Do I really win a prize?

Not that I actually have, but I look at these contests and wonder. Let us say they are offering a nice BIG SUV for the grand prize. The SUV is listed as being worth retail value of $40K. Do the grand prize winner really win anything, what with paying sales taxes, income taxes both state and federal, added vehicle registration fees, and I am sure there are taxes I am not even aware of. I am also assuming the “retail value” is higher than what I could walk into Big Big Auto Dealership and buy it for. Is this assumption correct?

So how much would I really win? Is the prize worth it?

Well, if the contest is legitimate, then even if you had to pay the sales tax on your winnings (and I don’t know if you do) plus income tax on the value of the item (again, not sure if this is how it’s taxed), plus all the other items, it’s still much less than you’d pay if you bought the item yourself, since you don’t have to pay for the actual item. Yes, you have to pay these charges, but if you went out and bought a car, you’d still have to pay:

Sales tax (assuming your state has it)
Income tax (on the money you earned that you then used to buy the car)
Registration, etc.

And in my experience (not that I’ve won any of these things, but I’ve seen enough), if it’s a vehicle, the retail value shown will be the actual MSRP, which is pretty fair.
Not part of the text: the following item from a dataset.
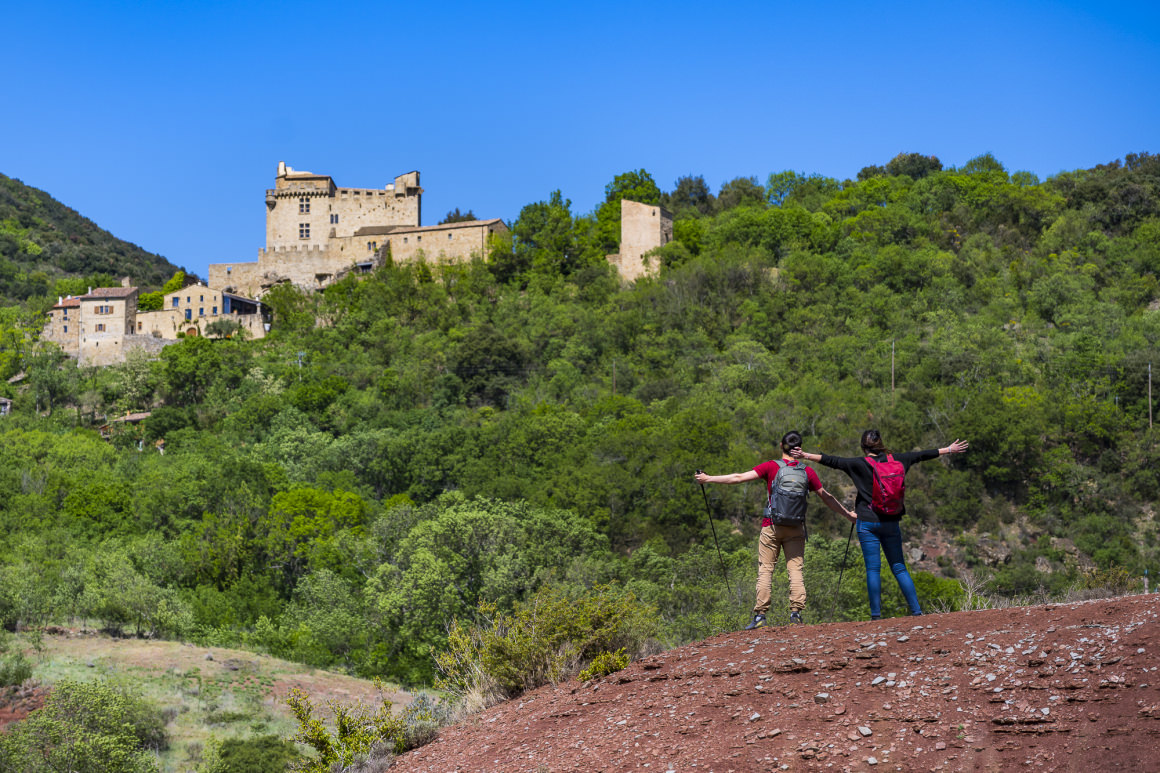 Randonneurs sur les terres rouges au pied du Château de Dio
Yes, in most cases (there are several exceptions: basically Saturns and cars like Honda Odyssey/S2000 where demand exceeds supply, you pay MSRP or above), you can buy a car for less than MSRP, but it’s not like they’re going to go comparison shopping just to establish a retail value. MSRP is acceptable.
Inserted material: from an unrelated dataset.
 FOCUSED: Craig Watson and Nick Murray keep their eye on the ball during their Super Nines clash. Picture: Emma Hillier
However, many of these contests are bogus; they’re just looking to collect names/phone numbers/addresses. Maybe you’ll win second prize, which may be some cheap piece of jewelry on which you need to pay $20 shipping (hint: if they don’t list a known brand name for an item, chances are the company bought it for pennies a pound), or a free month of Karate lessons (then they try to entice you to buy more).

To add to my response, let’s do a little math. Suppose you won a $40k SUV (to use your example), you’re in the 28% tax bracket, and your state has a 7% sales tax:

Income tax: 11,200 Sales tax: 2,800
Registration:$ $500 (this varies greatly, of course; just a guess)
Total: $14,500

If you went out and bought that SUV:

Price: 40,000 Sales tax: 2,800
Registration:$ 500
Total: $43,300

This is assuming, of course, that you were planning on buying the car in the first place.
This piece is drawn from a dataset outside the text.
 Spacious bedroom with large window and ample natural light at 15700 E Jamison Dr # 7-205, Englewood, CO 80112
If you weren’t, you could sell it. You probably couldn’t get MSRP or even dealer cost, but let’s say you could sell it for $35k (it is brand new, of course). We’ll assume you need to register the car in order to take it home, but you might be able to get around that.

So your $35k less $14,500 still gives you $20,500 in your pocket. And that’s after taxes.

I’ve never won a car, but have won a couple smaller items. The 50" screen TV I won free and clear, as the taxes had already been paid on it. The electric cooler (estimated cost, $130) came with a tax form to fill out. So, yes, even with the cost of taxes, winning big is worth it as you DO end up with more than you started with.

Besides, it gives you great bragging rights!

Be careful entering contests, particularly those at home and auto shows. Sometimes the form you fill out to enter assigns them the right to be your new long distance phone service provider!

I have seen this several times at the auto shows here in St. Louis. Read carefully!